┌─ DATA EXTRACT
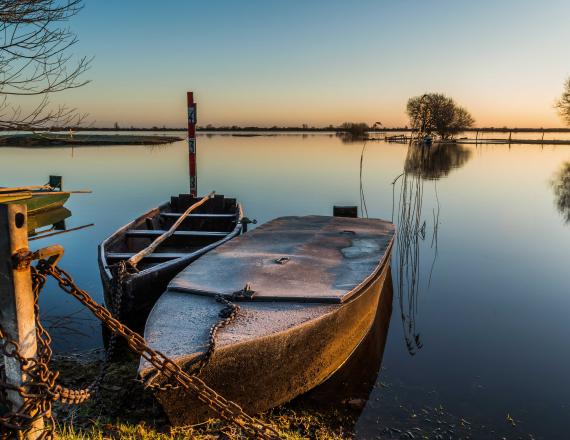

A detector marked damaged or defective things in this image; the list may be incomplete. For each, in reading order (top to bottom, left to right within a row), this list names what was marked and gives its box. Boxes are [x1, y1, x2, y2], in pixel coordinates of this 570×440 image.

rusty metal post [0, 204, 43, 436]
rusty metal boat [139, 215, 392, 424]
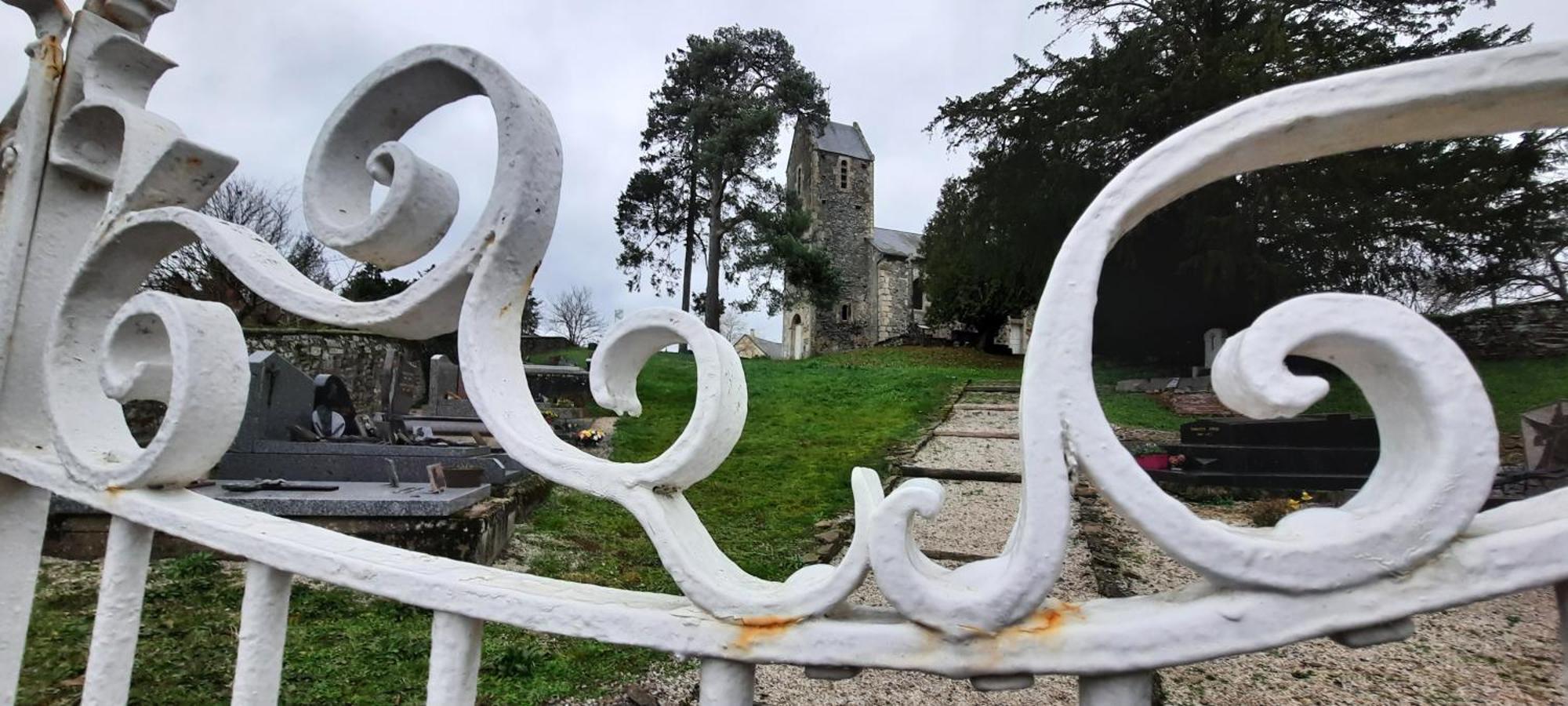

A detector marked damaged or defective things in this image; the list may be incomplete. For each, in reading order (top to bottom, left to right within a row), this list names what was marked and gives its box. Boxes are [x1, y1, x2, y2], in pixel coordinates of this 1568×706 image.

rust spot [724, 618, 797, 650]
rust spot [997, 602, 1085, 640]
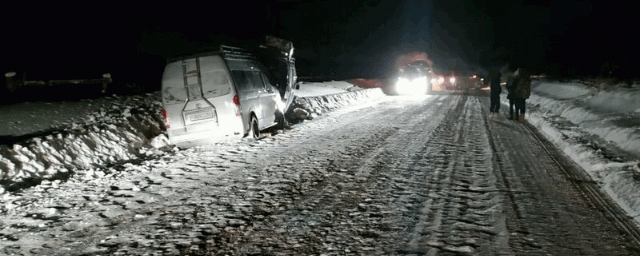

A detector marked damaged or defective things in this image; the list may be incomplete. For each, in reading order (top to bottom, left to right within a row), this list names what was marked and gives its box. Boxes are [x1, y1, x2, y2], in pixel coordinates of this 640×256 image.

damaged van [161, 45, 286, 147]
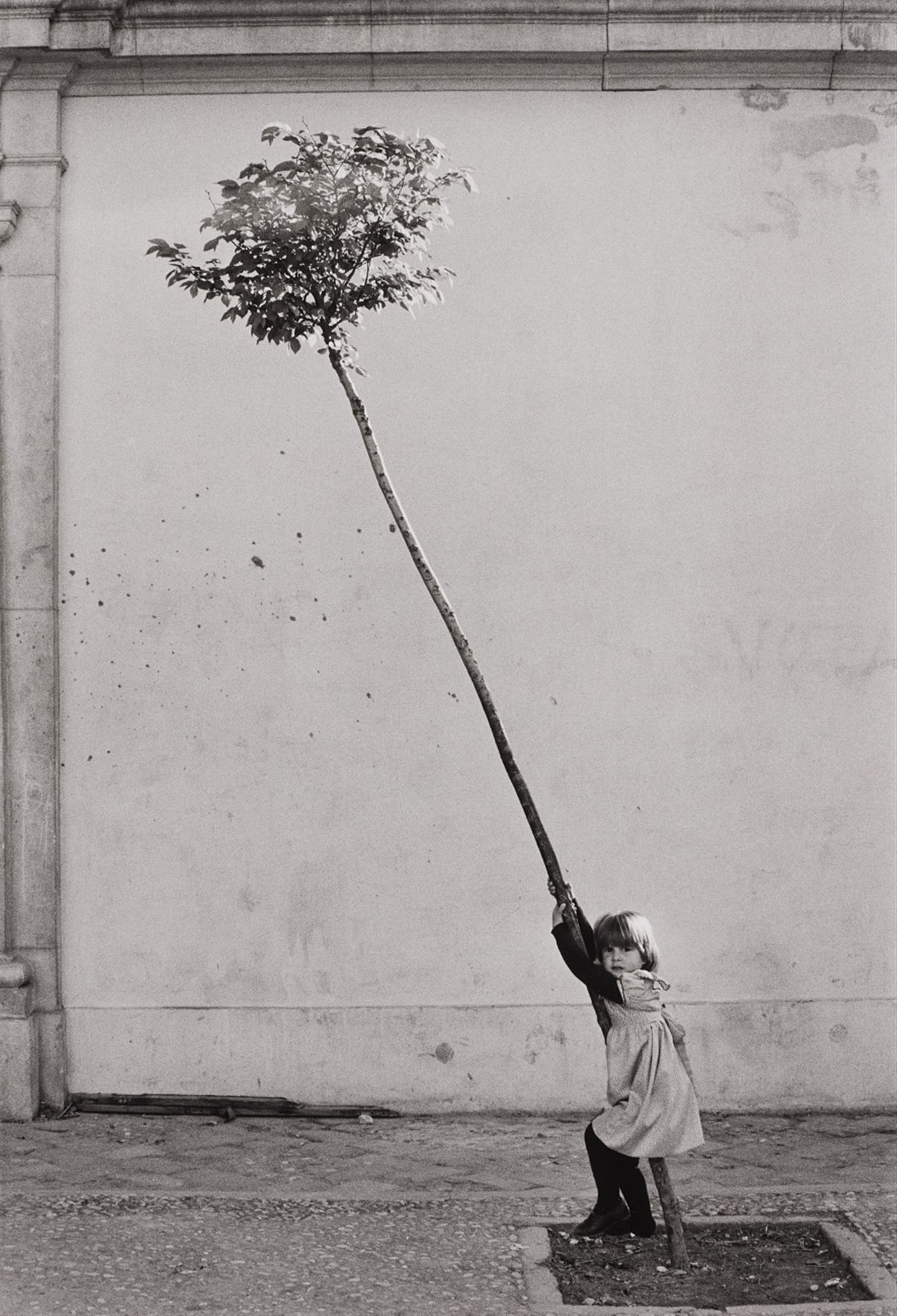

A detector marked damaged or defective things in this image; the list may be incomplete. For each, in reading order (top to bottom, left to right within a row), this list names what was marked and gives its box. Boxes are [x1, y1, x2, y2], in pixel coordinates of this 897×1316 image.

peeling paint patch [736, 90, 783, 113]
peeling paint patch [767, 115, 873, 160]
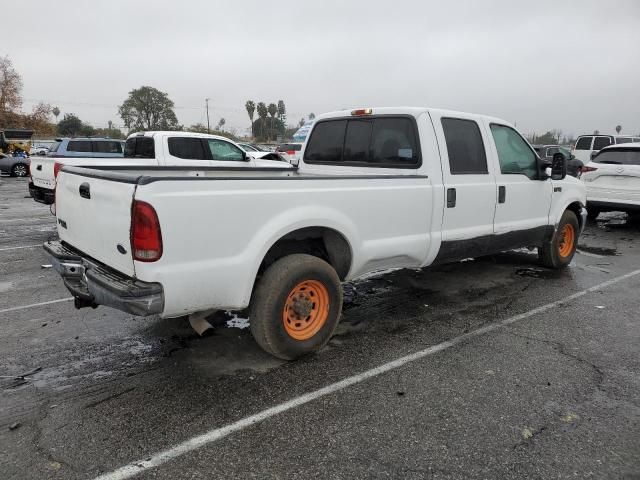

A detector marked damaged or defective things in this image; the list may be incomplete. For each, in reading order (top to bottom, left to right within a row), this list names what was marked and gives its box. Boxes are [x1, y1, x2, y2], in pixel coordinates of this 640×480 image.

damaged rear bumper [43, 242, 164, 316]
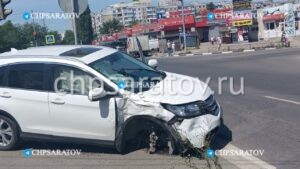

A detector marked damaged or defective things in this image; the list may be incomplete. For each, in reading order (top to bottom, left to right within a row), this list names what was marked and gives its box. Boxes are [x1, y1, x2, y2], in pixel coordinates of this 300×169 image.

crumpled hood [129, 71, 213, 104]
broken headlight [162, 95, 218, 118]
damaged front bumper [168, 105, 221, 151]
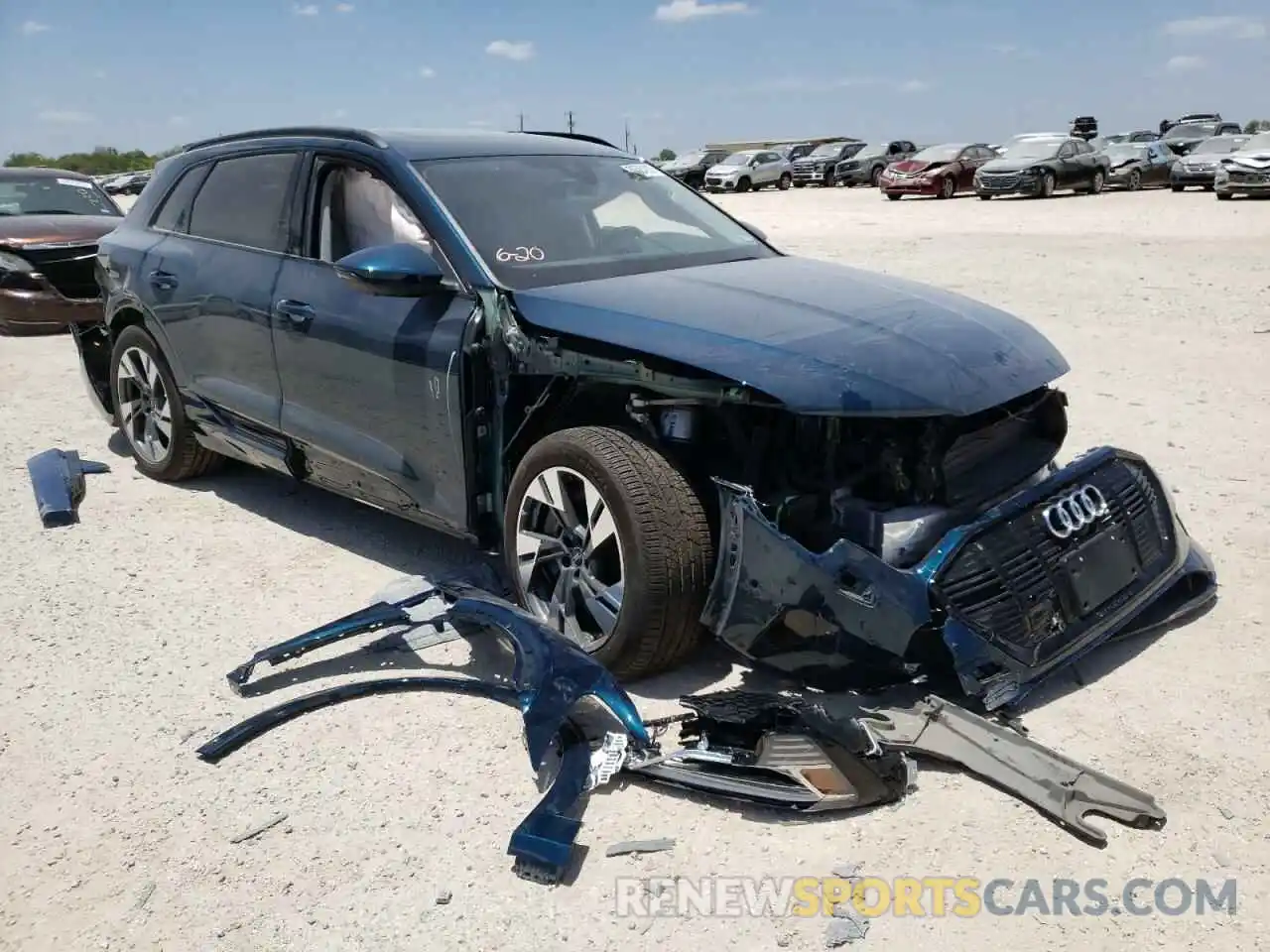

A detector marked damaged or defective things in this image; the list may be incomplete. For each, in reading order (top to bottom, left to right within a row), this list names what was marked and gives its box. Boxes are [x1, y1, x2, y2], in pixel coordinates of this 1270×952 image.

damaged blue audi suv [73, 125, 1213, 710]
damaged front end [710, 446, 1213, 710]
torn body panel [705, 446, 1218, 710]
detached front bumper [705, 451, 1218, 710]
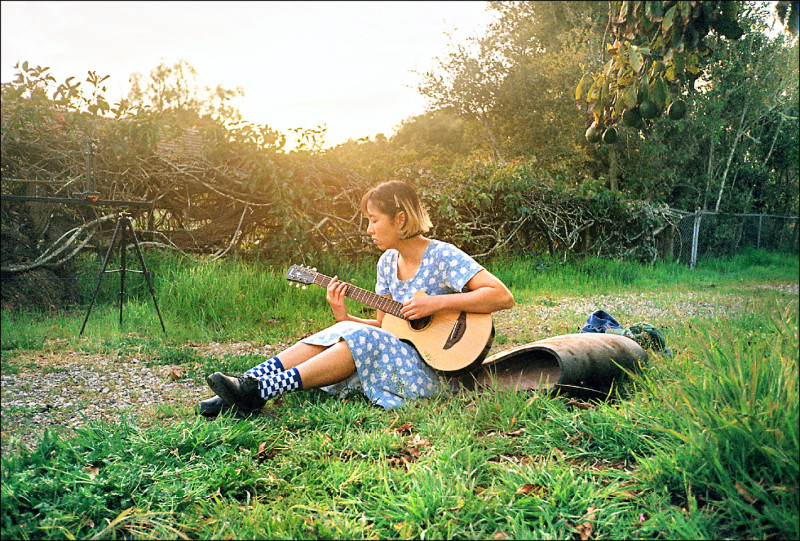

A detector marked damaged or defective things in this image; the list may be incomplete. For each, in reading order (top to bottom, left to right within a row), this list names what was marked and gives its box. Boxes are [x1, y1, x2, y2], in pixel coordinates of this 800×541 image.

rusty metal pipe [454, 334, 648, 396]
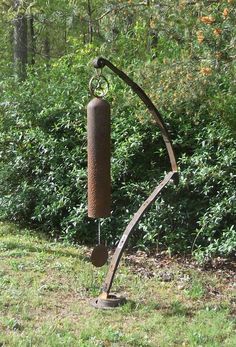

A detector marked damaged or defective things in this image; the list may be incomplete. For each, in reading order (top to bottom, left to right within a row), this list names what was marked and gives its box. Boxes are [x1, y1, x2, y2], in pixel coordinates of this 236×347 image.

rusted cylindrical chime [87, 97, 111, 218]
weathered rust texture [87, 97, 111, 218]
rusted metal sculpture [87, 57, 178, 310]
curved rusted post [91, 57, 179, 308]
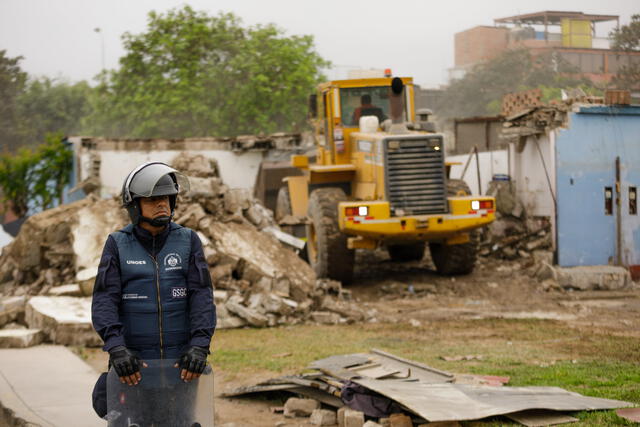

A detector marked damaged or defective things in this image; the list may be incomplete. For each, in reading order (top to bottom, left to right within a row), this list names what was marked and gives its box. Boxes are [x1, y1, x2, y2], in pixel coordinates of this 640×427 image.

broken concrete slab [556, 268, 636, 290]
broken concrete slab [0, 296, 25, 326]
broken concrete slab [24, 298, 101, 348]
broken concrete slab [0, 330, 44, 350]
broken concrete slab [282, 398, 320, 418]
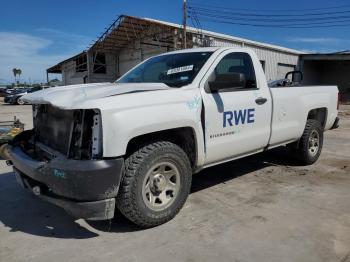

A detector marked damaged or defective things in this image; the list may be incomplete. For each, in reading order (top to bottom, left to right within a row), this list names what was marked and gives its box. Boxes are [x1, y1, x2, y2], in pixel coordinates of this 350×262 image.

damaged front end [8, 104, 124, 221]
crumpled front bumper [8, 143, 124, 221]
└─
*EXERCISE GOAL*
Repeat exactly the lines from the one containing "this 640×427 image." through the last line of the records above, both included, and leave out the pictures.

*SOLUTION FOR THIS PROBLEM*
A detector marked damaged or defective things in this image; the list may be incomplete. For each, in reading order (top to bottom, left to right within a row), this list names what was marked and gives its box. Boxes are [x1, y1, x2, y2], in pixel coordinates of this 640×427 image.

broken concrete slab [556, 268, 636, 290]
broken concrete slab [0, 296, 25, 326]
broken concrete slab [24, 298, 101, 348]
broken concrete slab [0, 330, 44, 350]
broken concrete slab [282, 398, 320, 418]

A detector marked damaged or defective things in this image; the list may be incomplete. For each, in reading order (top to bottom, left to right within a row), this list names what was marked and gives its box. Boxes are [x1, y1, x2, y2], in pixel coordinates of this 350×262 image.

damaged front end [8, 104, 124, 221]
crumpled front bumper [8, 143, 124, 221]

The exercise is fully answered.